Edna St. Vincent Millay

Source

Reading of Millay's "Renascence"

Commentary

Edna St. Vincent Millay's "Renascence" dramatizes a mystical experience that results in the speaker's new birth, realizing the depth of love and the power of the soul.

The poem consists of 214 lines of rimed couplets. "Renascence" is pronounced [ri-nas-uhns], not [ren-uh-sahns] like that great period of the revival of art and literature called the Renaissance.

(Please note: The incorrect spelling, "rhyme," was erroneously introduced into English by Dr. Samuel Johnson. For my explanation for using only the correct form, please see "Rime vs Rhyme: An Unfortunate Error.")

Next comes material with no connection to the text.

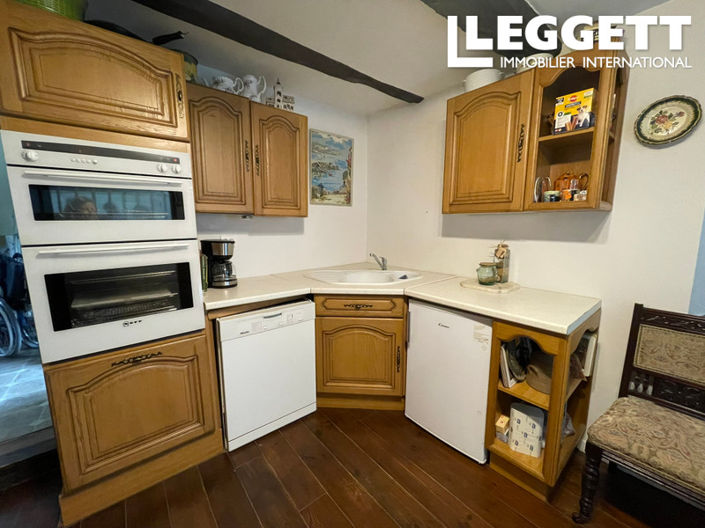 Image No.8-3 Bed House for sale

First Stanza: "All I could see from where I stood"
The first stanza, which consists of ninety lines, describes an experience that the speaker begins quite casually saying, "All I could see from where I stood / Was three long mountains and a wood; / I turned and looked the other way, / And saw three islands in a bay."

The experience of simply observing nature turns mystical as the speaker continues to describe events that occur during her observation. She says that the sky is so big but that it must end somewhere, and then she exclaims, "And sure enough! I see the top!"

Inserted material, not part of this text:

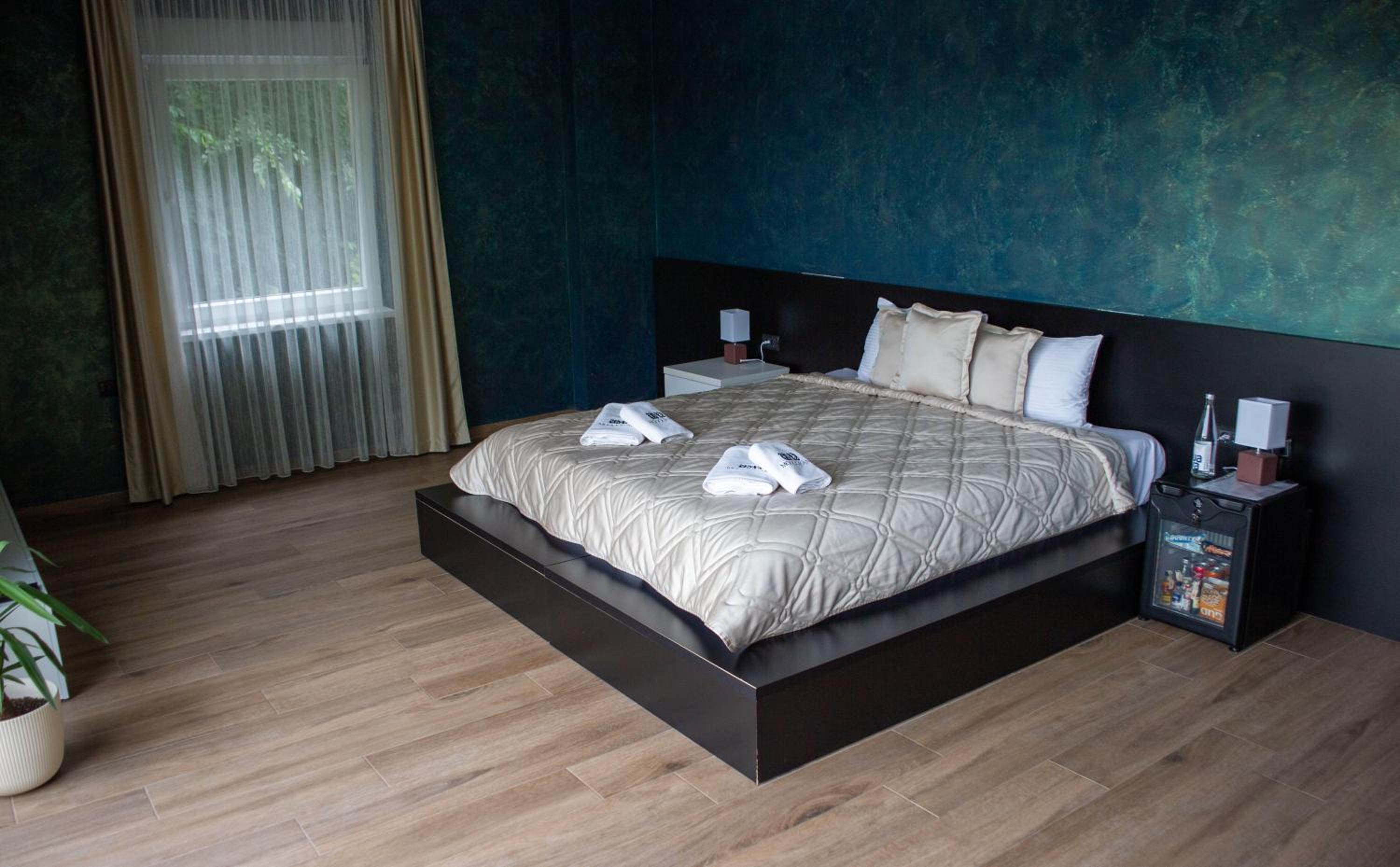 Double Room with Lake View - Photo 3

She decides that she can touch the sky with her hand, and then she tries: "And reaching up my hand to try, / I screamed to feel it touch the sky. / I screamed, and lo! Infinity / Came down and settled over me". And then she claims, "Ah, awful weight! Infinity / Pressed down upon the finite Me!"

With this unusual event came the ability to see people and events happening in other parts of the world. She seemed to have a supernatural ability to know what other people are experiencing. She is startled by this experience and closes the stanza saying, "And so beneath the weight lay I / And suffered death, but could not die."

Second and Third Stanzas: "Long had I lain thus, craving death"
In the second stanza, the speaker descends into the earth, yet not as one deceased but as one very much alive, feeling her soul leave her body: "From off my breast I felt it roll, / And as it went my tortured soul / Burst forth and fled in such a gust / That all about me swirled the dust."

In the third stanza, the speaker feels weightless as she lies still listening to the rain, which she describes as friendly since there is no other friendly voice or face for her to encounter: "A grave is such a quiet place."

Fourth Stanza: "O God, I cried, give me new birth"
In the fourth stanza, the title of the poem is realized, as "renascence" means "new birth"; the speaker realizes that if she remains six-feet under in a grave, she will not be able to experience the beauty of the sun coming out after the rain. She wants to be able, "To catch the freshened, fragrant breeze / From drenched and dripping apple-trees." She despairs at the loss of "Beloved beauty over me, / That I shall never, never see / Again! Spring-silver, autumn-gold."

And so she cries out desperately: "O God, I cried, give me new birth, / And put me back upon the earth!" She implores God to wash away her grave.

Fifth Stanza: "Into my face a miracle"
The speaker's prayer is answered. She has great difficulty explaining such a miracle as she asserts, "I know not how such things can be; / I only know there came to me / A fragrance such as never clings / To aught save happy living things."

She is once more capable of seeing the beauty of the rain subsiding, and she repeats that fascinating image of the drenched and dripping apple tree: "And all at once the heavy night / Fell from my eyes and I could see, / A drenched and dripping apple-tree."

The speaker's exuberance over her new birth causes her to hug the trees, to hug the ground as she laughs and cries tears of joy and gratitude. Her new birth has brought her an awareness that she had not known before: "O God, I cried, no dark disguise / Can e'er hereafter hide from me / Thy radiant identity!" The speaker feels now that she realizes the Divine who pervades all of nature.

Sixth Stanza: "And let the face of God shine through"
The sixth stanza dramatizes the spiritual understanding gained by the speaker through her new birth; she has been born again, and now she understands the width of the heart:

The world stands out on either side
No wider than the heart is wide;
Above the world is stretched the sky,—
No higher than the soul is high.
The heart can push the sea and land
Farther away on either hand;
The soul can split the sky in two,
And let the face of God shine through.

Millay's Precocious Insight
Millay's mother encouraged Edna to submit her poem, "Renaissance," the original title of the work, to a poetry contest. The purpose of the contest was to gather poems for publication in The Lyric Year, an annual poetry anthology.

The poem took only fourth place; however, the brilliance of the work caused embarrassment to those whose pieces were judged above Millay's. It was obvious to those entrants that Millay's piece was a far more first-place worthy poem.

But the poem brought Millay's talent to the attention of Caroline Dow, who directed the New York YWCA National Training School; Dow then paid for Millay to attend Vassar. Millay was only twenty-years-old when she wrote "Renascence." Such insight is rare in one so young. One can only wonder at such precocity. Her poetic talent is also a marvel.